US President Barack Obama's administration's criticism of Prime Minister Binyamin Netanyahu's policies has crossed the line into interfering in Israeli politics, top Likud ministers and MKs said Tuesday. Kadima officials responded to the allegations by disagreeing that the US was meddling but expressing concern that such a perception by the Israeli public would harm their party and end up strengthening the prime minister. They accused Netanyahu's associates of portraying Obama as an enemy of Israel in order to unite the public behind him.

The charges of American interference began April 16 when Yediot Aharonot quoted Obama's chief of staff Rahm Emanuel telling an unnamed Jewish leader: "In the next four years there is going to be a permanent-status arrangement between Israel and the Palestinians on the basis of two states for two peoples, and it doesn't matter to us at all who is prime minister [of Israel]."

Likud Minister-without-Portfolio Yossi Peled said Tuesday that the statement was inappropriate and was just one of many examples of American interference in Israeli politics since Netanyahu's election in February.

Vice Premier Moshe Ya'alon, also of the Likud, has accused Israeli Leftist groups of coaching Obama's administration on how to handle Netanyahu.

Netanyahu himself appeared to endorse that assertion when he told a Likud MK over the weekend: "What do they want from me? Do they want my government to fall?"

Israeli diplomatic officials were quoted in Ma'ariv on Tuesday accusing the Obama administration of attempting to force Netanyahu to bring Kadima into his coalition and adopt its policies on the Palestinian-state issue.

"They are pressuring Livni to retreat from her opposition to joining Netanyahu's government, so she can enter it and prevent the worsening of relations with the US," a diplomatic official was quoted as saying.
Likud MK Danny Danon, who has close ties with Evangelical leaders in the US, was most blunt in his criticism of Obama.
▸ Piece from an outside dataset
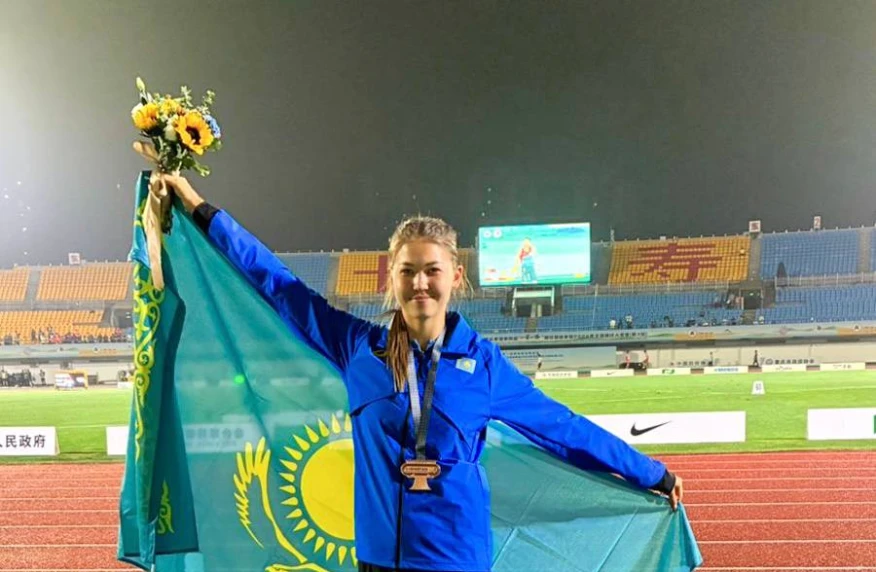 Елизавета Матвеева выиграла «бронзу» чемпионата Азии по прыжкам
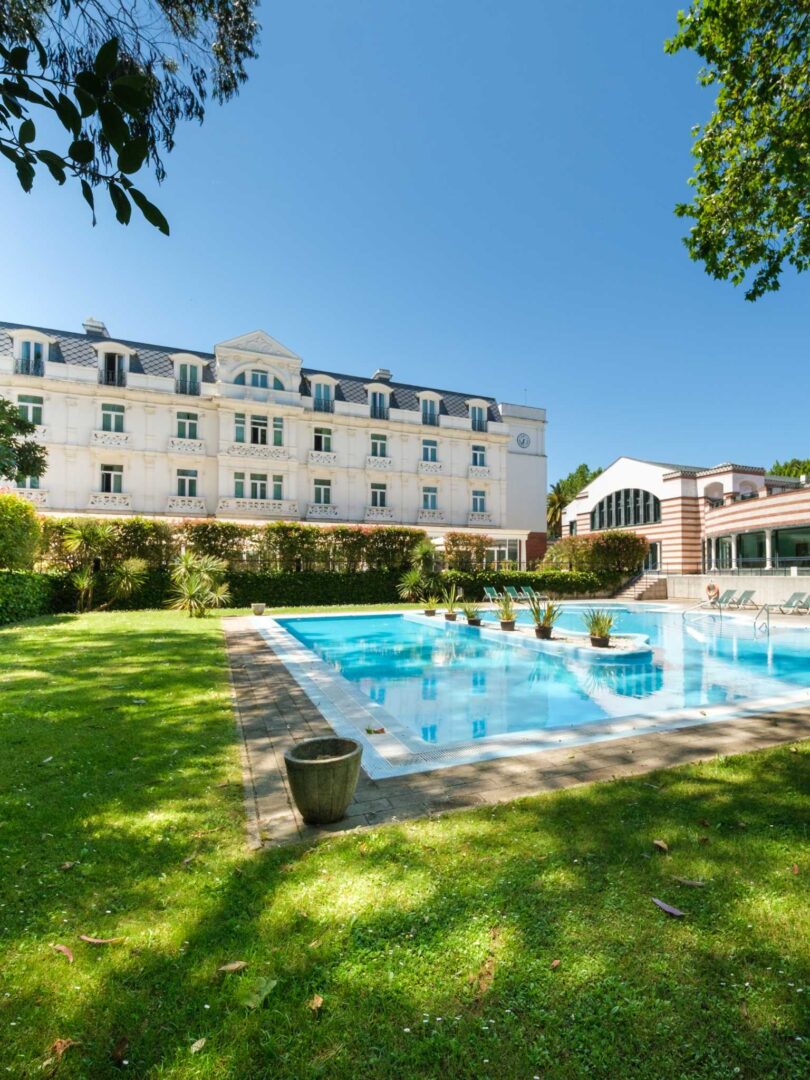 Piscina exterior del hotel Castilla Termal Solares, muy concurrida en los meses de verano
He said Obama refused to admit that the public in Israel chose a different direction, just like America did.

"The American administration thinks that there were only elections in the US," Danon said. "Any attempt to intervene in Israeli politics only strengthens Netanyahu, who has the support of the public, especially after this interference."

Information and Diaspora Minister Yuli Edelstein (Likud) rejected claims that the Obama administration was interfering, but he admitted that it did seem that way.

"It looks like illegitimate interference in Israeli politics, but it isn't," he said. "The Obama administration is simply sending up trial balloons. They are testing Bibi to see how far he will bend."

Kadima MKs and officials said they did not like to see headlines alleging that Washington was trying to help their party at the Likud's expense. They said they did not believe the headlines were true, and they accused Netanyahu's associates of being behind them.

Livni's associates said she succeeded in convincing former American secretary of state Condoleezza Rice to allow Israel to build in West Bank settlement blocs, because Rice trusted her and realized Israel wasn't trying to change the facts on the ground. They said that Netanyahu, by contrast, failed to win Obama's trust and instead was campaigning against him in the Israeli media.

"I don't sense that there is American interference in Israeli politics," a source close to Livni said. "The press is playing into Bibi's hands by reporting that there is. Instead of confronting the important issues that the Obama administration has raised, Bibi has been trying to drag Obama into the Israeli political arena. He is taking the easy way out by trying to make a man named Hussein the bad guy."